Since the initial descriptions of Miller Fisher Syndrome (MFS) and Bickerstaff Brainstem Encephalitis (BBE), substantial advancements have refined our understanding of these disorders, highlighting shared features such as anti-GQ1b IgG antibodies, preceding infectious triggers, and overlapping neurophysiological findings. These commonalities support the hypothesis that MFS and BBE are not distinct entities but rather components of a unified autoimmune condition, often referred to as “Fisher-Bickerstaff syndrome.”

The subsequent identification of anti-GQ1b-positive atypical variants, incomplete forms with shared serological profiles that fail to meet the full clinical criteria for MFS or BBE and overlap syndromes with features of Guillain-Barré Syndrome (GBS), has broadened this classification. This evolving understanding has led to the conceptualization of a broader entity termed “Anti-GQ1b Antibody Syndrome.”

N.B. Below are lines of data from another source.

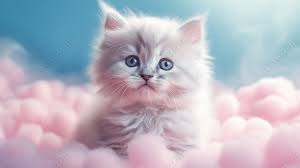 cute kitten sitting in soft pink clouds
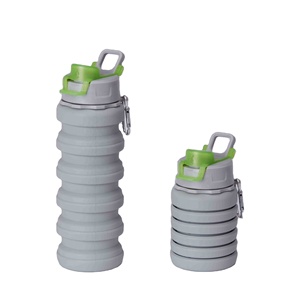 Collapsible Silicone Water Bottle 500ML BPA Free Foldable Leakproof Sports Travel Camping Outdoor Dishwasher Safe Eco-friendly - Product Image 1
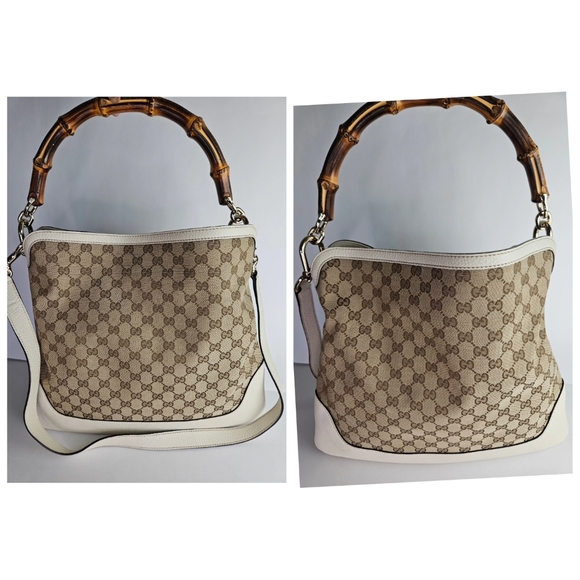 Authentic Gucci GG Pattern Bamboo Handbag #3882M - Picture 4 of 7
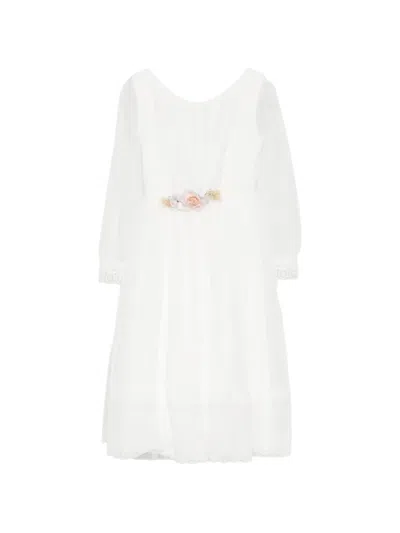 Amaya Kids' Floral Lace Dress In White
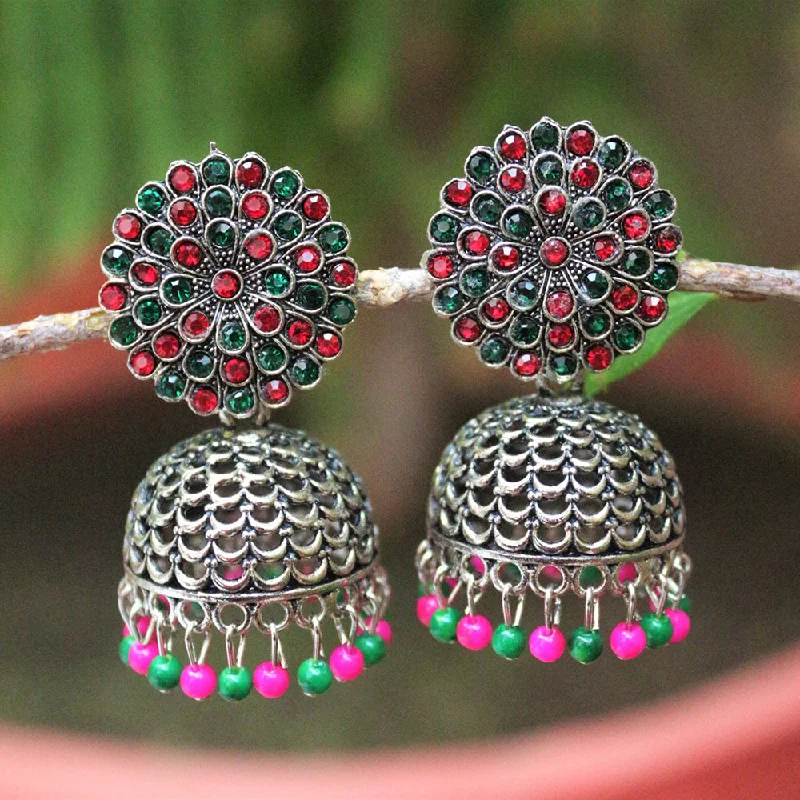 Precious Stone Earrings-H K Fashion Oxidised Plated Austrian Stone And Beads Jhumki Earrings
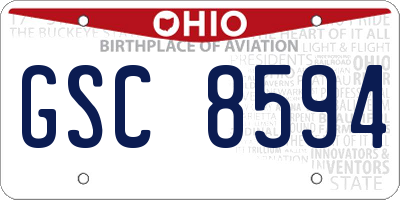 OH license plate GSC8594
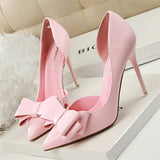 BIGTREE  Fashion Delicate Sweet Bowknot High Heel Shoes Side Hollow Pointed Women Pumps Pointed Toe 10.5CM thin Dress Shoes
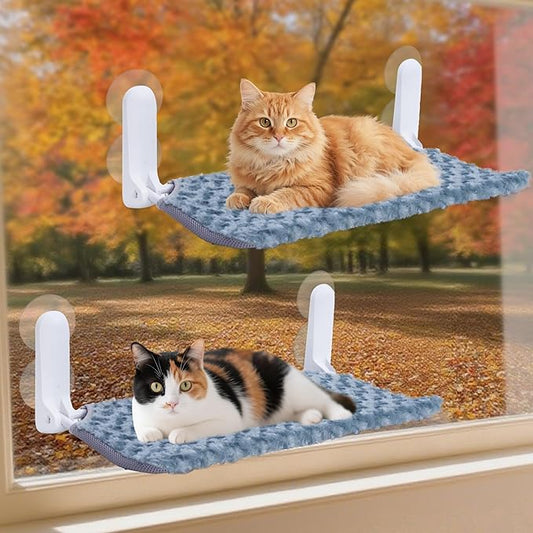 YUNIQUE 2PC Cat Window Perch, Upturned Edge Bracket, Portable Wall Hammock for Indoor Cat, Green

This syndrome encompasses a spectrum of disorders characterized by a consistent serological hallmark and a variable degree of involvement of the Peripheral (PNS) and Central Nervous Systems (CNS). Within this spectrum, MFS and BBE represent opposite ends, with intermediate and atypical phenotypes bridging these extremes.

This review aims to provide a comprehensive analysis of Anti-GQ1b Antibody Syndrome, emphasizing its phenotypic continuum and the atypical variants that contribute to its expanding classification. By integrating recent advances in diagnostic approaches and clinical understanding, we propose a unified framework for conceptualizing this syndrome as a dynamic spectrum of anti-ganglioside antibody-associated diseases.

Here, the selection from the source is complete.